→ TASK INSTRUCTIONS
Reproduce each line, exactly, from the one containing "KOMŠIJE RAZVEZALE JEZIK!" through the end of the material. Exclude pictures.

→ DATASET EXCERPT
------------------------------------------------------------

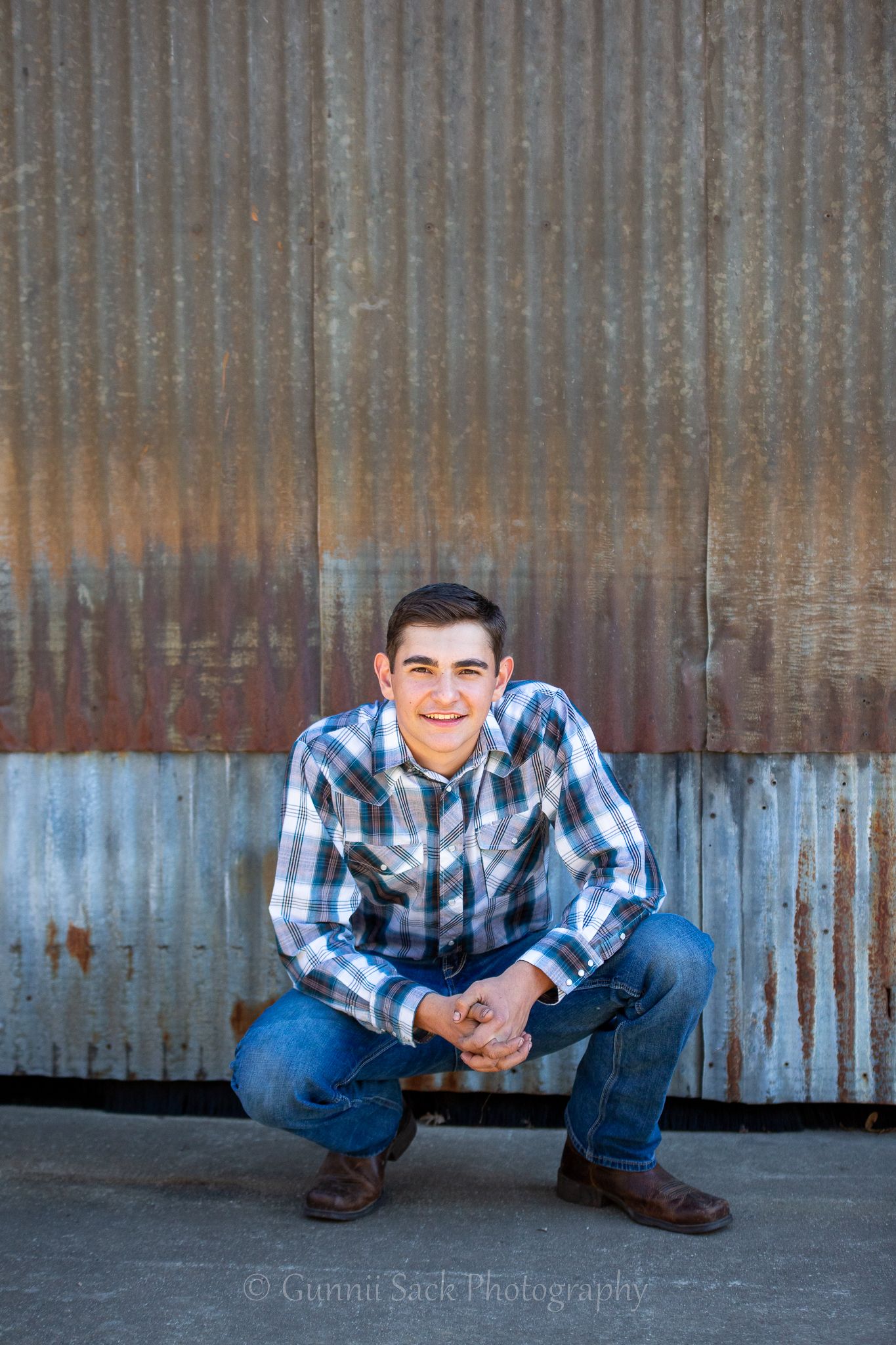 gunnii sack photography, sutter creek ca, knight's foundry, dodge truck, dog, senior session, class of 2022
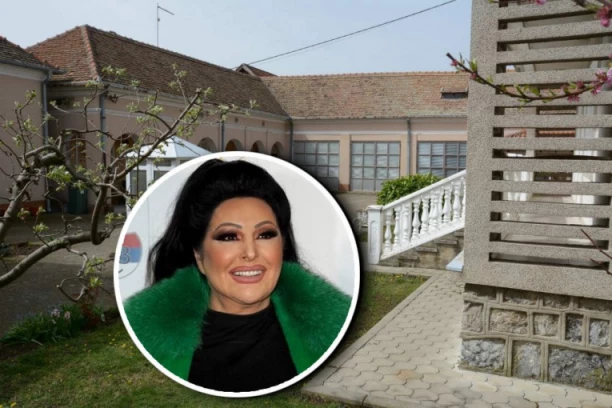 KOMŠIJE RAZVEZALE JEZIK! RODITELJI DRAGANE MIRKOVIĆ SE OVAKO PONAŠAJU! Selo šokirano zbog njenog razvoda sa Tonijem! (FOTO)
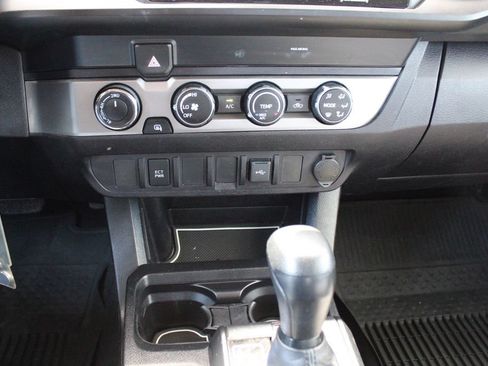 Used 2020 Toyota Tacoma SR AWD/4WD image 39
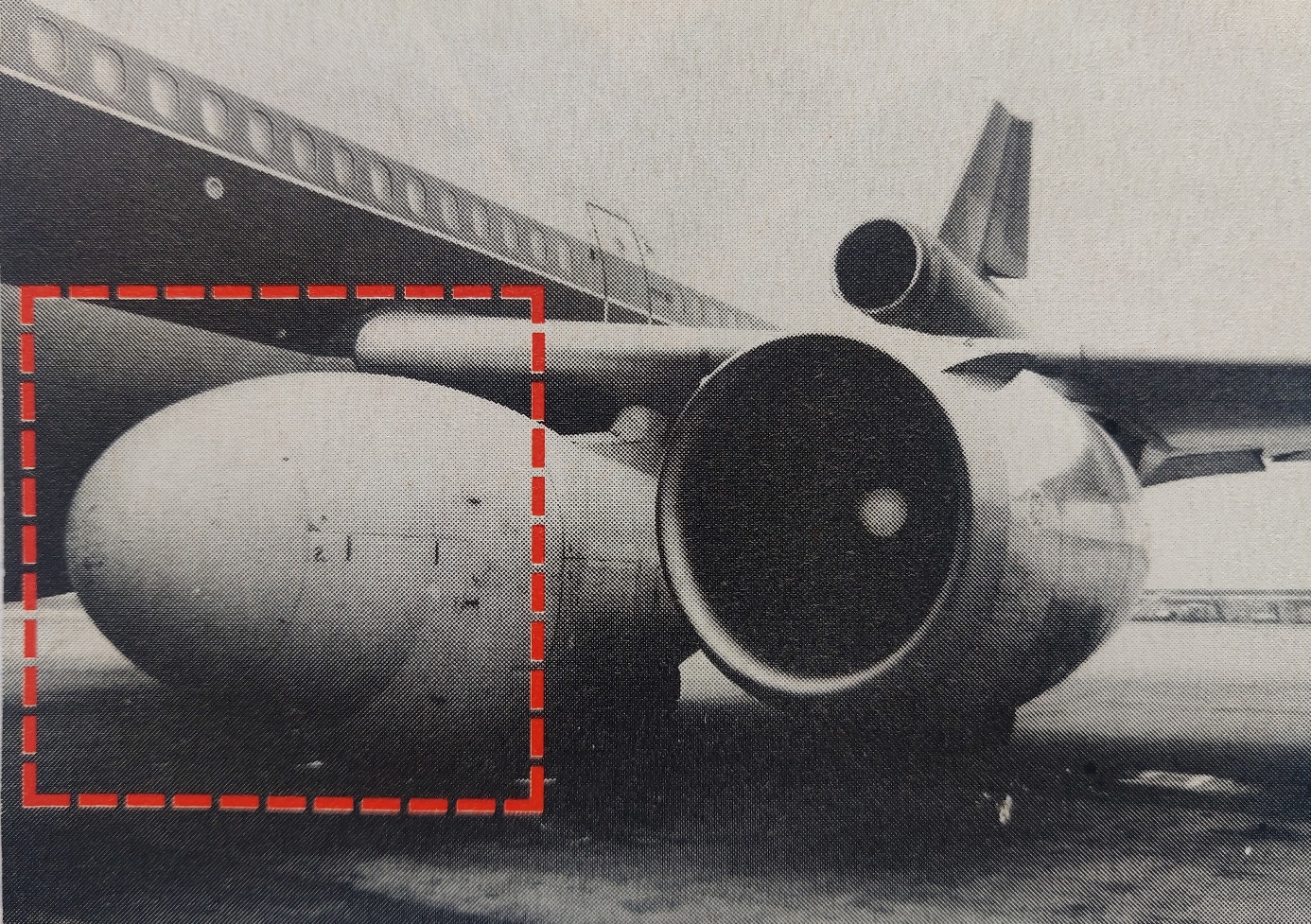 McDonnel Douglas DC-10-30 with spare engine under the wing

------------------------------------------------------------

→ ANSWER SPACE
 KOMŠIJE RAZVEZALE JEZIK! RODITELJI DRAGANE MIRKOVIĆ SE OVAKO PONAŠAJU! Selo šokirano zbog njenog razvoda sa Tonijem! (FOTO)
 Used 2020 Toyota Tacoma SR AWD/4WD image 39
 McDonnel Douglas DC-10-30 with spare engine under the wing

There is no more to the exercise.